START THE INPUT

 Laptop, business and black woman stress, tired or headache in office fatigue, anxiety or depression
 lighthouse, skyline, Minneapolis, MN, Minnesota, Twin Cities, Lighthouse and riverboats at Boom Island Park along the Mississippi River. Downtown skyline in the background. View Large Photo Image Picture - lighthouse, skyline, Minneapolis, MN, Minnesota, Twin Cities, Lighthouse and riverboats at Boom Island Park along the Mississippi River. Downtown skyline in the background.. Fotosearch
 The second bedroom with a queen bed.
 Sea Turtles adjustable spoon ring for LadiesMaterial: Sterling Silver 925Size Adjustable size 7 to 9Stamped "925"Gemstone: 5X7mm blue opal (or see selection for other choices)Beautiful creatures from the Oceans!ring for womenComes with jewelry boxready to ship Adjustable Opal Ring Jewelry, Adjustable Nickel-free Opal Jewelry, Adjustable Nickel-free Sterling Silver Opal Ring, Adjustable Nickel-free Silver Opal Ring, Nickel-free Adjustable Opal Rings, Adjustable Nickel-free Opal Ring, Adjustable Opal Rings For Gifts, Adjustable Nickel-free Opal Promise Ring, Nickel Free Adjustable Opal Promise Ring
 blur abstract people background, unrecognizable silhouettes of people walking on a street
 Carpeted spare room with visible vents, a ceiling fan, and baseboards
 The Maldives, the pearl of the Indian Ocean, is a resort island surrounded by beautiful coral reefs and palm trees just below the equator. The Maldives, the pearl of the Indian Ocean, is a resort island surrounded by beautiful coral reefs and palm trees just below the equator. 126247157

END THE INPUT
START THE INPUT

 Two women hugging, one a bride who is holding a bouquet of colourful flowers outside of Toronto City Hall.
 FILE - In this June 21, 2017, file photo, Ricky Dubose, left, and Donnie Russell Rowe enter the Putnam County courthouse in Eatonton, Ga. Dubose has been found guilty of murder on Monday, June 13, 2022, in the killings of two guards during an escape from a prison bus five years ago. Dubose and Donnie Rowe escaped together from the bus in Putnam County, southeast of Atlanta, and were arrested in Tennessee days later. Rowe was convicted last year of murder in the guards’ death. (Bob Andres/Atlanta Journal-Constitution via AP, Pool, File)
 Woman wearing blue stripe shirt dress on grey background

END THE INPUT
START THE INPUT

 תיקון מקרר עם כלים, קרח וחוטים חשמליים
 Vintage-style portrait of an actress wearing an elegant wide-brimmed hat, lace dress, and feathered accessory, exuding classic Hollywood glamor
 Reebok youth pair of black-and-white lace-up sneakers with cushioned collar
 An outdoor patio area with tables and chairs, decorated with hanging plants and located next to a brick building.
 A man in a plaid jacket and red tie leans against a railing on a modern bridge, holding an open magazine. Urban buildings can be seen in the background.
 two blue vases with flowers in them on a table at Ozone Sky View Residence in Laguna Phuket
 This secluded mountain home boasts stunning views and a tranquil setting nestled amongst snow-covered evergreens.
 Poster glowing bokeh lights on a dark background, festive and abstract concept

END THE INPUT

EXERCISE OBJECTIVE: Taking the listing above as the source, transcribe only the lines starting at the line with "blur abstract people" and going through the line with "Carpeted spare room", unaltered and with both ends included.

RESPONSE:
 blur abstract people background, unrecognizable silhouettes of people walking on a street
 Carpeted spare room with visible vents, a ceiling fan, and baseboards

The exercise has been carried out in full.